El último free de Dunne

El tiempo añadido trajo el drama que le había faltado al partido. Conor Dunne, líder ofensivo de Bishopstown, se plantó sobre el césped con un free de dos puntos en sus manos y lo clavó. De repente, un solo punto separaba a los dos equipos.

Éire Óg, que había manejado el encuentro con cierta frialdad, se vio de pronto al borde del empate. Bishopstown olió la sangre y forzó una última oportunidad. De nuevo, Dunne. De nuevo, un free de dos puntos, esta vez desde fuera del arco pero perfectamente pateable para un jugador de su calidad.

Silencio. Carrera. Golpeo.

El balón no encontró su destino. Desde la perspectiva de Bishopstown, una ocasión perdida para robar un partido que se les había escapado durante casi una hora. Desde la de Éire Óg, un suspiro de alivio al sonar el pitido final.

Protagonistas y datos

Éire Óg repartió sus puntos con criterio: Goulding lideró con 0-5 (incluyendo dos frees de dos puntos), Griffin aportó 0-3 con un orange flag, mientras que Jack Murphy y O’Callaghan sumaron 0-2 cada uno. Thompson, Cian McGoldrick y O’Shea cerraron la cuenta con un punto por cabeza.

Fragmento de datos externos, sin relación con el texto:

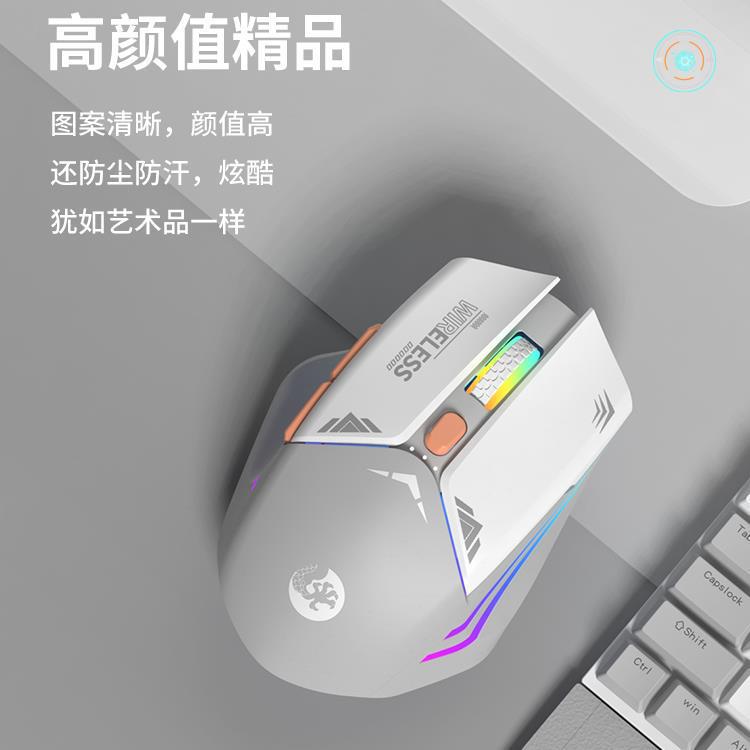 E-Sports Wireless Bluetooth Mouse Silent Silent Mechanical Gaming Rechargeable Laptop Office Mouse Wholesale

En Bishopstown, Dunne terminó con 0-5 (un free de dos puntos y tres frees más), Holland con 0-3 y Collins con el único gol del encuentro. McFadden, Foley y Casey añadieron un punto cada uno.

Éire Óg alineó a C Kelly; C Murphy, M Corkery, J Mullins; B Thompson, M Griffin, D McCarthy; D Kelly, C McGoldrick; O O’Shea, C O’Callaghan, J Kelleher; D Goulding, J Galvin, J Murphy, con impacto desde el banquillo de E O’Shea, S Hurley, R O’Toole y M Brady. Bishopstown respondió con C Hynes; M Murphy, H Wixted, M Scally; K McFadden, B McCarthy, K Murphy; J Murphy, S Sheridan; P Casey, C Dunne, O Foley; S Collins, G Holland, B Cahill, y las entradas de N Crowley, C Daly, J Tompkins y L Hogan.

El árbitro Brian Crowley mantuvo el control en un partido duro, pero limpio, que se decidió en el detalle más fino: un free final que se fue desviado y un Éire Óg que, sin deslumbrar, ya ha dado el primer paso en un grupo que no perdonará ningún despiste.